*** Opening Provided material ***

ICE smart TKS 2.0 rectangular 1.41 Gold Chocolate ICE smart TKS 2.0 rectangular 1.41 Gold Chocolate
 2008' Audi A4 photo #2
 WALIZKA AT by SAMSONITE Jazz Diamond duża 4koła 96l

*** Closing Provided material ***

## Task:
A word-for-word transcription of the listing above is what the answer should contain.

## Answer below:
ICE smart TKS 2.0 rectangular 1.41 Gold Chocolate ICE smart TKS 2.0 rectangular 1.41 Gold Chocolate
 2008' Audi A4 photo #2
 WALIZKA AT by SAMSONITE Jazz Diamond duża 4koła 96l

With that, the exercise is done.